Boston needs more events like Allston’s DIY Fest — but instead, the local music festival’s future is in jeopardy. The one-day event, held annually since 2009, has brought music fans to two small stages in Ringer Park. Last year, 27 bands played short sets in front of a few hundred people, while artists sold homemade crafts and volunteers pedaled stationary bicycles to power the stage. The acronym DIY stands for do-it-yourself, and the organizers have: On their own initiative, they created a festival that has grown organically into a summer tradition.
This year, however, the Boston Parks and Recreation Department denied organizers a permit, citing noise complaints from neighbors and repeated parking violations during previous festivals. The application also claimed only 100 people would attend the show, an unrealistic estimate based on past years. A spokeswoman for the Parks Department says an official offered to work with the permit applicant, Joan Pasquale, to find an alternative venue, but has not received any response; meanwhile, fans of the festival have started an online petition drive urging the Parks Department to reverse its decision on Ringer Park.
Arts enrich the city and foster community, and the Parks Department was right to offer to help DIY Fest. The festival plays an especially important role for Allston bands because the area suffers from a chronic lack of music venues. Though the neighborhood is full of students and musicians, bands face a constant challenge finding spots to perform. With too few venues, some performers opt for unsafe basement concerts instead — underground shows the police have sought to block. DIY Fest, which takes place outside, during daylight hours, has provided a safe and legal alternative.
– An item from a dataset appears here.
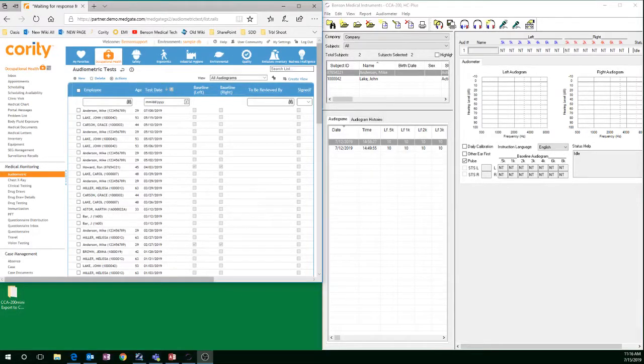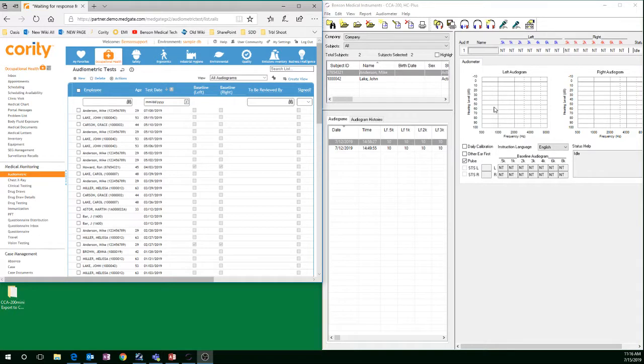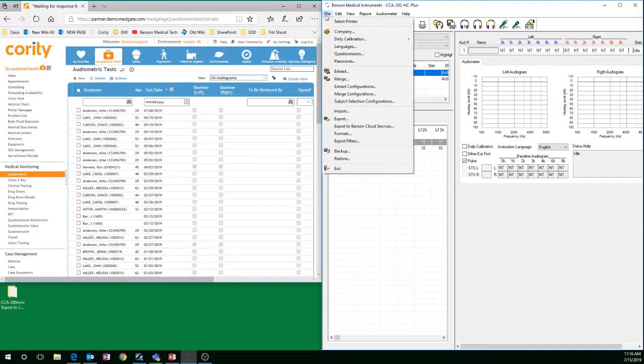To go from CCA 200mini software into Cority using our export feature, go to File, Export.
The festival wouldn’t happen until July, so both sides have plenty of time to reach a resolution. If the festival planners, who take pride in their lack of organizational structure, can put together a viable plan for using Ringer Park without violating the city’s noise and parking regulations, the Parks Department should reconsider its denial; but organizers should also hear the city out if there are other parks in Allston that might make a better home for a growing event. Boston hosts hundreds of other festivals, parades, athletic events, and cultural performances in city parks every year. None of them are entirely silent, and all of them probably bother someone. But balancing the wishes of different city residents is just that — a balance. The Parks Department and DIY Fest should try to find it, so that a piece of homegrown culture can continue to thrive.